This week we actually celebrate the legacy of one of the greatest truth-tellers in modern history: Dr. Martin Luther King, Jr. Dr. King spoke hard truths to a nation that did not want to hear them. He spoke honestly about the discrimination and prejudice and racist violence that he and other people of color faced daily, and he told the truth about the fact that these things have deep roots that can be traced all the way back to American slavery.
It took great courage for him to be able to say these things. Because like Samuel – and even like my friend from college – he wasn’t speaking these hard truths to people he didn’t care about. Dr. King was speaking the truth to the people of a country he loved. He believed deeply in the highest ideals of this nation, so much so that he gave his own life fighting to actually make them so. And his greatest frustration was with the people who responded to his message of truth with defensiveness and anger, instead of receiving the truth with grace like Eli.

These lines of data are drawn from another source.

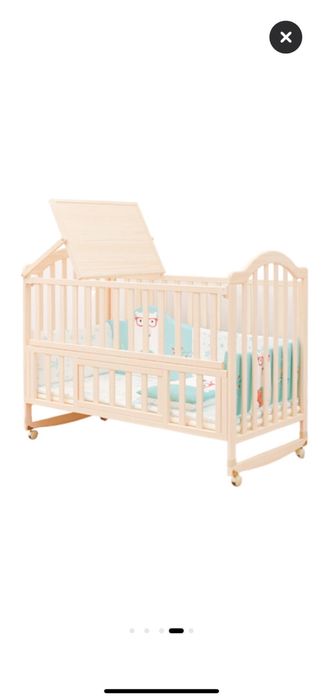 Patut bebe 5 în 1, lemn natur, saltea inclusa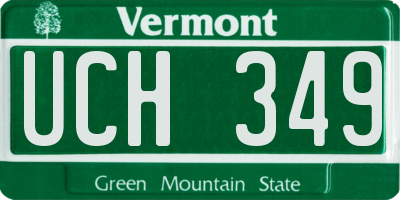 VT license plate UCH349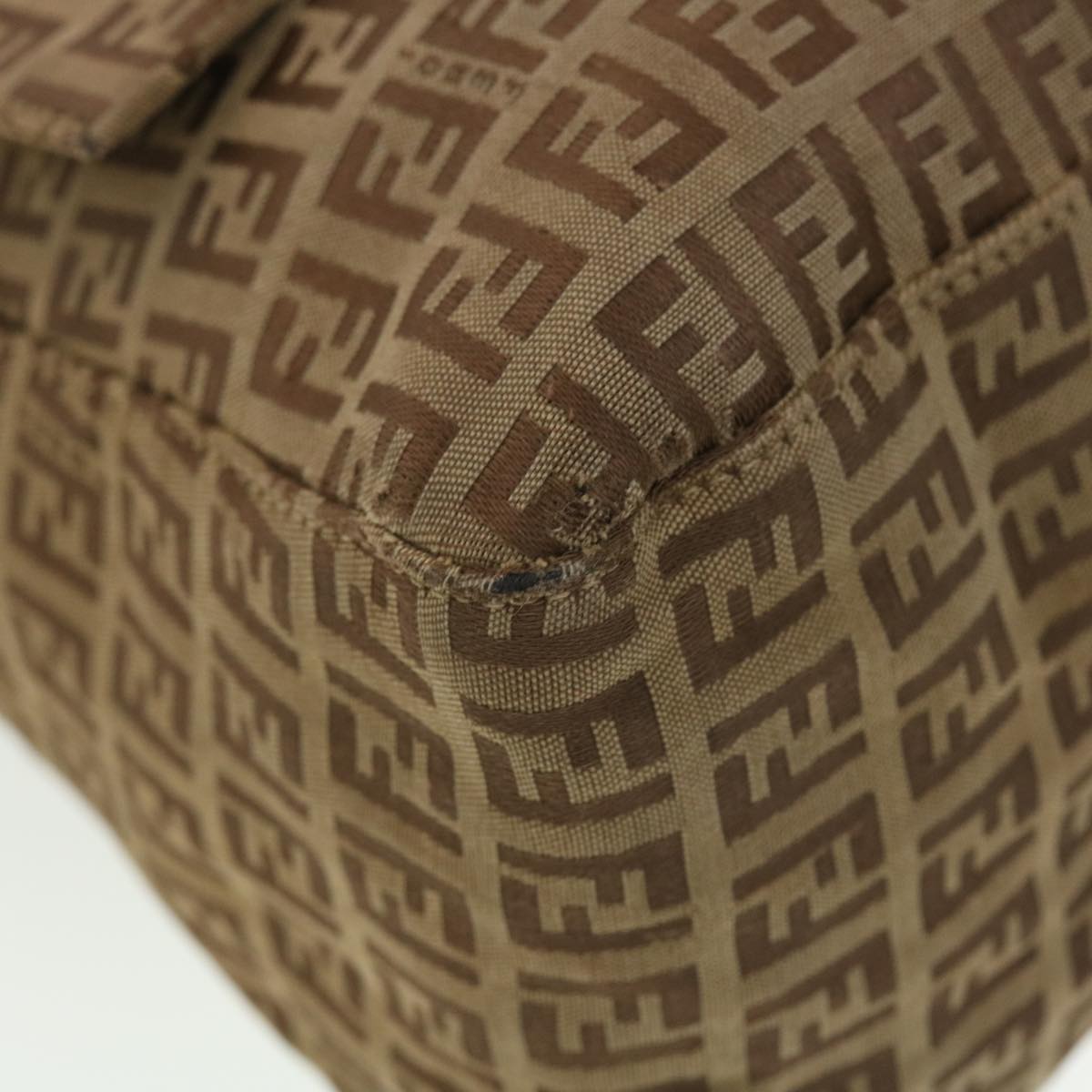 FENDI Zucchino Canvas Mamma Baguette Shoulder Bag Brown bs5280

Dr. King’s message of justice and equality and truth is one that is still being spoken. There are still voices in our day who are calling us and our nation to own the difficult truths of our history, and to acknowledge the injustice and inequality in our present. And they are not the voices clamoring for violence in our nation’s capitol, nor those that spout hatred and division. Dr. King’s legacy lives on in the voices of those who advocate for greater inclusion and representation of the “least of these” who have long been excluded and marginalized, the voices of those who preach a message of love and tolerance and peace.
It is painful to be reminded of the inequality that still exists in our nation and in our world, and it’s more painful still to be told that we benefit from this inequality because of the color of our skin. But unless we listen with grace and engage in this hard conversation, our pain and defensiveness will continue to keep our hearts bound. Only the truth will truly set us free.
God speaks truth to us through our prayers, through our worship, and sometimes even through our neighbor. And we can trust that, even when God speaks hard truths to us, it is done with love. God cares enough about relationship with us to tell us the truth, even when it hurts. As we continue to follow Christ on the path of discipleship, I pray that we may all have the patience to listen for God’s word, and the humility to receive it with grace when we hear it. And I pray also that we may have the courage of Samuel to boldly proclaim the truth in love.
The truth hurts sometimes – both to speak and to receive. But as we imitate Christ in hearing and speaking the truth in love, I have no doubt that truth is also what will set us free.